Rowein’s team currently serves 218 client households, with average assets under management of $720,000.
“When assisting clients to develop a financial plan that is suited for them, we recommend a balanced approach toward investments. Balance gives flexibility, which is needed during times of transition and dealing with the unexpected, such as death, divorce or illness,” Rowein said.
The average age of Rowein’s clients is 62. She recently earned the certified professional consultant on aging designation, which she sought knowing that many issues beyond financial considerations often arise with elderly clients.
Moreover, the aging population is affecting the profession itself significantly. “We’re often the first to notice when an elderly client is going through a cognitive decline,” Rowein said.
As a result, industry regulations have been tightened to provide advisors with more responsibility to watch for and report evidence or suspicion that a client may have dementia. Professionals need to be mindful of the growing incidences of elder financial abuse.
“The new thing for 2022 is we have to reach out to all of our clients and ask them for a trusted contact person,” Rowein said.
Rowein has two daughters: Roxana, 16, and Calixa, 13. Her partner, Pete Vandervelde, is also an advisor with Raymond James but with a different advisory team.
When Rowein is not spending time with clients or family, she devotes significant time to her community.
“My biggest passion is Little Warriors,” said Rowein, who serves on the resource committee of the Alberta-based organization that addresses awareness, prevention and treatment of child sexual abuse. “You really need to get to kids at a young age to heal them, to give them better coping skills, to teach them resiliency.”
The Canadian Cancer Society is also important to Rowein, who has lost friends to cancer.

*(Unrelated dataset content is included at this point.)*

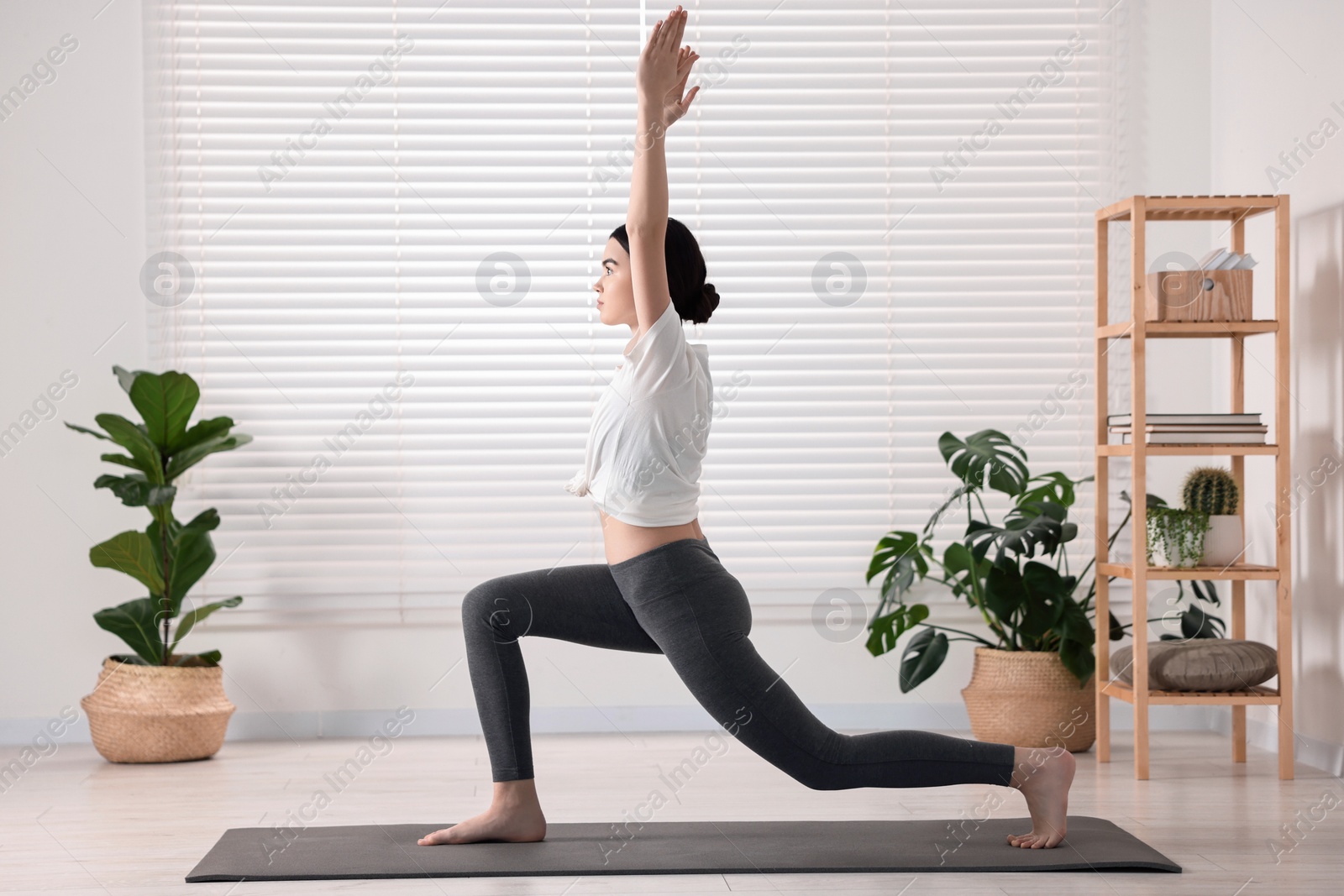 Photo of Girl practicing crescent asana on mat in yoga studio. High lunge pose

Last October, she chopped 15 inches from her waist-long hair to donate to Wigs for Kids and raise $3,000. She also participated in CIBC’s annual Run for the Cure in 2021, through which she raised an additional $8,000 for the Canadian Cancer Society.
Last year Rowein also participated in a five-kilometre walk benefiting Drug Free Kids Canada, sponsored by the Raymond James Canada Foundation Advisory Committee, of which she is a member. And she regularly volunteers for Soup Sisters, a group that makes and shares soup with women in a local Edmonton shelter.
Rowein was named a Woman of Distinction in 2021 by the Raymond James Women Canadian Advisors Network.
“I was completely humbled by it because I work hard,” she said. “I always have because I love helping people. It feels good to have your efforts and accomplishments recognized by your peers.”